→ THE PROBLEM:
Below is a listing from which only part is wanted; return exactly the lines from the one with "Christian Dior Patent" up to and including the one with "Out From Under".

→ SUPPLIED DATA:
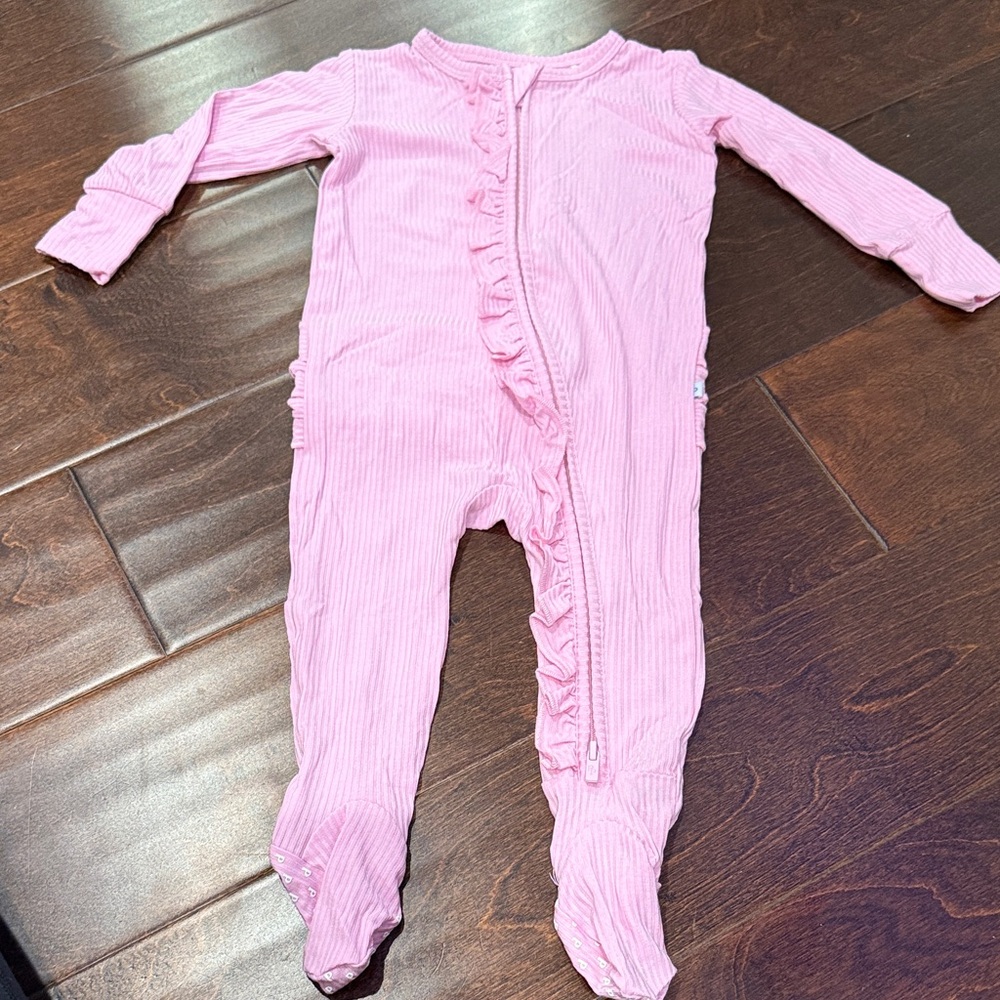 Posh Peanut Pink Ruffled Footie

---

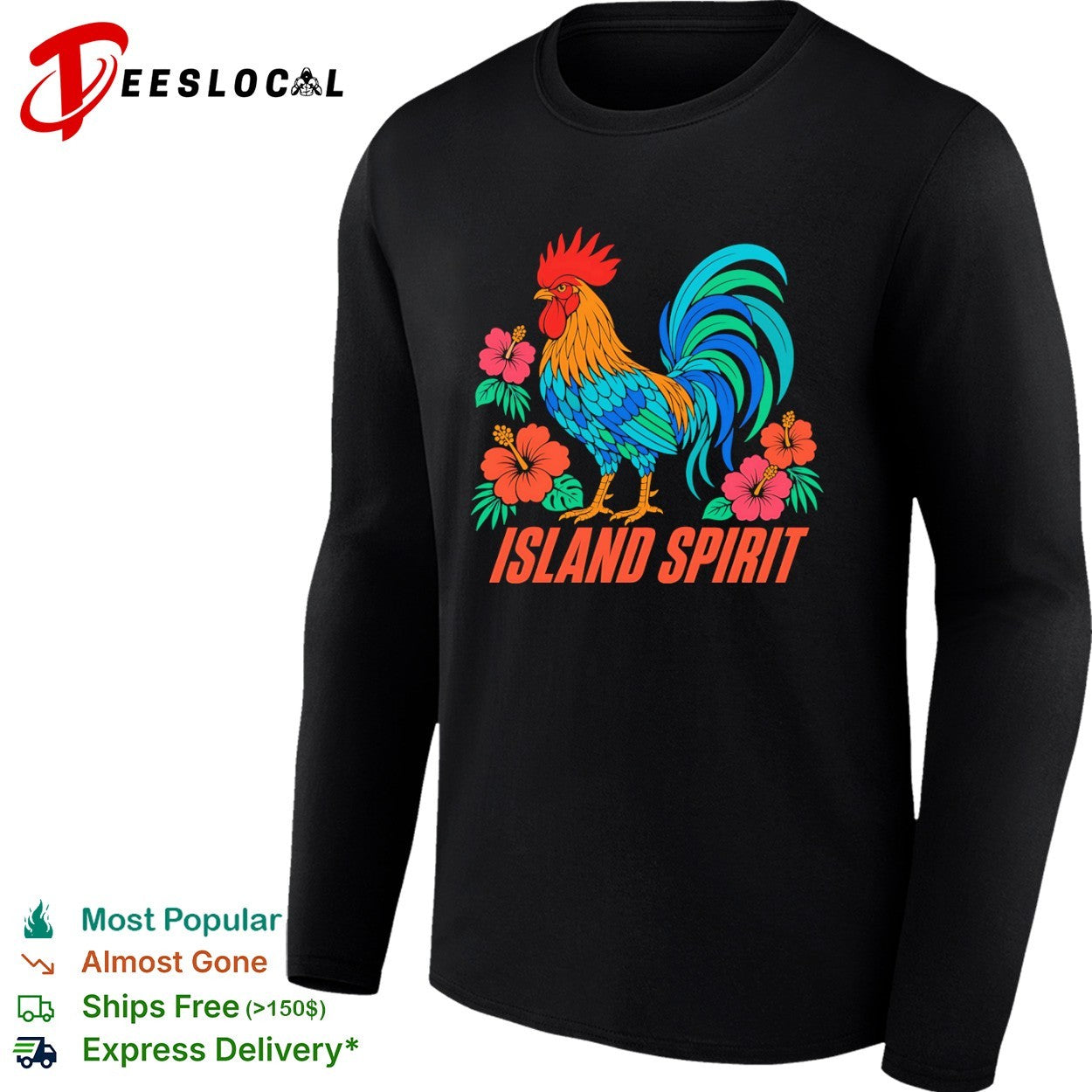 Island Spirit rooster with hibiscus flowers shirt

* * *

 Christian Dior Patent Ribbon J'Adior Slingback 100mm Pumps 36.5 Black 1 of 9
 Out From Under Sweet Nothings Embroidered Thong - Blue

→ TASK SOLUTION:
 Christian Dior Patent Ribbon J'Adior Slingback 100mm Pumps 36.5 Black 1 of 9
 Out From Under Sweet Nothings Embroidered Thong - Blue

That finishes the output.